The responsibility is solely on the shoulders of the youtube content creators. So, do the content creators siphon off the data belonging to children? Do they mine the IP addresses? No, Youtube does. Yet, the responsibility and blame is on the content creators instead of the platform that takes advantage of the cookies and profits from it. Though this is moot. Children shouldn't even be on Youtube. The apps are for 17+ and to even have a Youtube or Google account, the owner has to be 13+. So, children under 13 on the platform are in violation. The owners of those accounts that allow their children to watch content on Youtube are in violation and should have their accounts removed. End of story. Get rid of the children. They are a liability to our entertainment. Youtube is not a babysitting service. That's what Youtube Kids is for.

YouTube is also not a babysitting service for creators. Every single person, creators or not, has an individual responsibility to comply with laws. YouTube is simply providing creators with the tools they need to comply with this particular law. And no one is blaming the creators or putting the sole responsibility on them. As a matter of fact, YouTube is doing all these changes, that help creators to comply with COPPA, free of charge.

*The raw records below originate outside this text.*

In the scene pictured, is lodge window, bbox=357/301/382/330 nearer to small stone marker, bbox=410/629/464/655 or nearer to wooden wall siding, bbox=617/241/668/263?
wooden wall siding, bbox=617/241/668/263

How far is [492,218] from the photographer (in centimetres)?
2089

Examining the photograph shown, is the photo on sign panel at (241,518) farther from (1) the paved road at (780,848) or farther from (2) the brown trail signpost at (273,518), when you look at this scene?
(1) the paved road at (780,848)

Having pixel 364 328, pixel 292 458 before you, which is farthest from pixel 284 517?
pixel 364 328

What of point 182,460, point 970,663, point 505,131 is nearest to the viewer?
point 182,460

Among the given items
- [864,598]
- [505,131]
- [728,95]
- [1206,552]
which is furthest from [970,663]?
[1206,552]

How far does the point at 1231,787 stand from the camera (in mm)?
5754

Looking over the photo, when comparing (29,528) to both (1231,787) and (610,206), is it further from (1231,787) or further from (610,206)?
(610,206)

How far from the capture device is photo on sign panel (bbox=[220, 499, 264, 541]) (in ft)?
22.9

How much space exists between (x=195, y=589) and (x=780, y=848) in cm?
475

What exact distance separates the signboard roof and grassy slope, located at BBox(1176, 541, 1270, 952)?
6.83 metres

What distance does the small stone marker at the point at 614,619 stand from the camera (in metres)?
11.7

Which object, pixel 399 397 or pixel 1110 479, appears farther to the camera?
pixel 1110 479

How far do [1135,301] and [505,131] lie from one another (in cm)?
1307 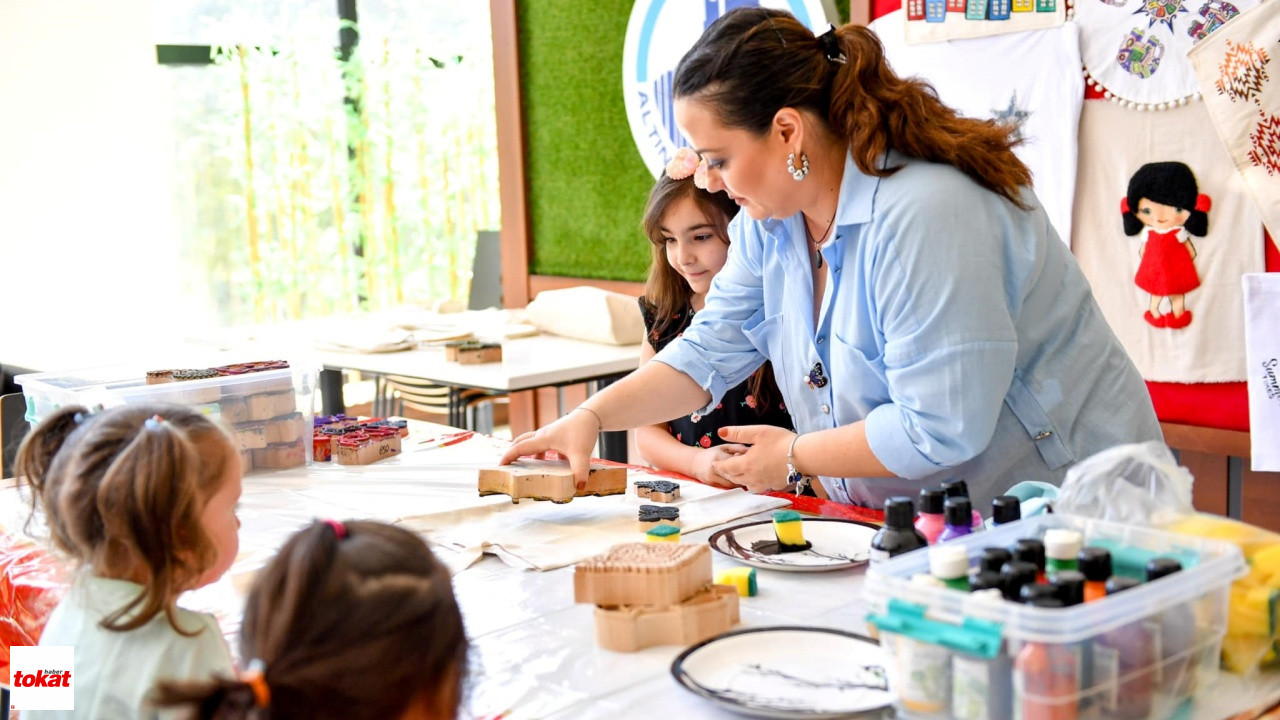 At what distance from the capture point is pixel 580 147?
459 cm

I think you shouldn’t do it and just have kid go on YouTube kids

I and many other channels are concerned about COPPA effecting our content. We are doing videos with an app called Gacha Life. We make lots of skits and music videos among various different things. We show our arts if some choose to do so, but we are concerned because our content might catch the eye of children even though most of us aren't intending our audience to be children and put "13+" along side some videos. I just wanted to state this because we range in different ages.

I also have a question, how does coppa effect others who aren't getting paid for videos. Does it effect them the same or is there a difference. Please let me know and others cause this would be a big help to possibly calm down the panic going across YouTube and in the communities.

This is not going to be good for creators! Please reevaluate this and think of the creators point of view on this!

I'm still feeling a vagueness to the explanation of what constitutes a violation of the COPPA rules. I have mostly cute videos of my cats, but never intended it for children. Though, the videos would certainly be enjoyable for all ages. I have no advertising or monetization on my videos. How do the COPPA rules apply to channels like mine, where there are cat and gardening videos, just for fun, but no monetization?

Is Gacha considered for kids? Cause I use the app to generate a character to use for animations and I’m still lost on if it’s considered for kids or not. Also, do us as content creators get fined for marking our videos wrongly or just for having our videos marked as for kids?

I wanna say that many youtubers that work for youtube for a living, that it makes others happy with whatever content they create that appeals to younger or older audiences. With so much bad things in the world youtubers help make content that's not only entertaining but to help cope with harsh realities, cause I like watching them making others laugh and laughter is best medicine.